In der Kanzlerpartei basteln die Strategen längst an den optimalen Rahmenbedingungen für Schüssels Auftritte. Nur ein fulminanter Kanzler im ORF, glaubt die Parteispitze, könne die notwendigen Prozent Wählerstimmen lukrieren, die der Partei auf den ersten Platz vor der SPÖ fehlen.
Amerikanische Verhältnisse
ÖVP-Wahlkampfstratege Michael Strugl glaubt, daß zumindest dreißig Prozent der Wahlberechtigten via Bildschirm mit Botschaften zu erreichen sind. Strugl: „Das ist diesmal enorm wichtig.“ Der Wiener Politologe Christian Scheucher, in den vergangenen Jahren für die ÖVP im Kampagneneinsatz, geht sogar noch einen Schritt weiter: „Das wird Ausmaße wie in den USA haben, der absolute Showdown, vor allem das Duell Gusenbauer gegen Schüssel.“ Die Debatten, erklärt der Wissenschaftler, bekommen vor allem durch die Kürze des Wahlkampfs enorme Brisanz.

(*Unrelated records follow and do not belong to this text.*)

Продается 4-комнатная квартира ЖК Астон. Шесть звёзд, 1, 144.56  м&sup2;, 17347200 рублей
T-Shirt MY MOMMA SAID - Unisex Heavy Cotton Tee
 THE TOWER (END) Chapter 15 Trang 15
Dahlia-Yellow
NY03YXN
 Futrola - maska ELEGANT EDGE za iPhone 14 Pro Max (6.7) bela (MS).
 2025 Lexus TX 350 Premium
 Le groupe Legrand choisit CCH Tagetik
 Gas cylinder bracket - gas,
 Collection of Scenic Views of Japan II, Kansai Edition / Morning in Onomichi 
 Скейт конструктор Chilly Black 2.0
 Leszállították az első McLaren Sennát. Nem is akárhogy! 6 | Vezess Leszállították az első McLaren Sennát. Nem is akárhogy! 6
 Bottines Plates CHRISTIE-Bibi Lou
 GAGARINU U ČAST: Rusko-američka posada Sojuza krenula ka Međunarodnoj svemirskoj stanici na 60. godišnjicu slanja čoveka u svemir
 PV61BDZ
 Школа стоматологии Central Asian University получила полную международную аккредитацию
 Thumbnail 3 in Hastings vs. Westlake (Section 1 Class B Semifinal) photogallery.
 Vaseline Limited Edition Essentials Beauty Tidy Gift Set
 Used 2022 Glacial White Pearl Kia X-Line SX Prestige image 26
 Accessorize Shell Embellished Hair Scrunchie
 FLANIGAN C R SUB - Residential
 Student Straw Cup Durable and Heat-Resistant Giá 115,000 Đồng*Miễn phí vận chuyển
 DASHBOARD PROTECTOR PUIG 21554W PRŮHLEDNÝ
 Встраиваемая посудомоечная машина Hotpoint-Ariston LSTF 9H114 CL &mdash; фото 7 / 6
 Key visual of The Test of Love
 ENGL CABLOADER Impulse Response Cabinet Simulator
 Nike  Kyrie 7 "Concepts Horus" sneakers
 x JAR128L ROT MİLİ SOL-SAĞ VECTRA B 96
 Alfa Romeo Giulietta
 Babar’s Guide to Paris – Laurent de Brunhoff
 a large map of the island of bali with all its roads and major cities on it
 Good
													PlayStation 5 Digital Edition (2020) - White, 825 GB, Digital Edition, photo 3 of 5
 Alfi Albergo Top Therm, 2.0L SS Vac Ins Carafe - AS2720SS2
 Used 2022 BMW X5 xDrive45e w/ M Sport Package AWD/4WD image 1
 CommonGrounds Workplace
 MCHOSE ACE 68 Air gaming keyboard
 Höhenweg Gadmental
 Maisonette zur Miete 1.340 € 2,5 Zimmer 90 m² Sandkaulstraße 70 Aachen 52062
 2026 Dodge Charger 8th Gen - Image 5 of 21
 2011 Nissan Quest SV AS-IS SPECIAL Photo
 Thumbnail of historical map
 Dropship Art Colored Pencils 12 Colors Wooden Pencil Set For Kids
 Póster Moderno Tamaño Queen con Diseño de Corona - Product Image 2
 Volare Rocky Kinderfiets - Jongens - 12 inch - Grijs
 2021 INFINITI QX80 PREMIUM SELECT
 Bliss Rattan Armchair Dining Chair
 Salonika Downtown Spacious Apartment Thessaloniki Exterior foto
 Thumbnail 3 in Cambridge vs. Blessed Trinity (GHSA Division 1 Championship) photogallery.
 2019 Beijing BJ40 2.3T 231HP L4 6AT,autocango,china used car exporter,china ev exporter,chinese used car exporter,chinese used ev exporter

Was auch Meinungsforscher Wolfgang Bachmayer bestätigt. Der OGM-Chef glaubt zudem, daß beim Aufeinandertreffen von Schüssel und Gusenbauer die Entscheidung fällt: „Das ist die Stunde der Wahrheit.“ Und das trotz später Beginnzeit. Entscheidend sei nämlich nicht das Duell selbst, sondern der Tag danach – wie berichten die Medien, wie wird die Debatte am Arbeitsplatz oder am Stammtisch diskutiert. Umso offensiver versuchen die Parteien ihren Kandidaten als den überragenden Sieger zu verkaufen.
Tricks und Tücken
Schon 1971 versuchte der ÖVP-Pressedienst nach der Konfrontation zwischen Bruno Kreisky und Karl Schleinzer, die Öffentlichkeit mit einer „Glückwunschtelegrammflut“ zu beeindrucken. Die SPÖ verwies trocken auf ein Kreisky-Zitat: „Ich blicke der Entscheidung mit Zuversicht entgegen.“ Zwölf Jahre später überraschte der damalige ÖVP-Generalsekretär Michael Graff mit der Aussendung, „drei unabhängige Institute“ würden den VP-Kandidaten Alois Mock als Sieger sehen – am Wahltag jedoch hatte der schwarze Frontmann gegen Altstar Bruno Kreisky das Nachsehen.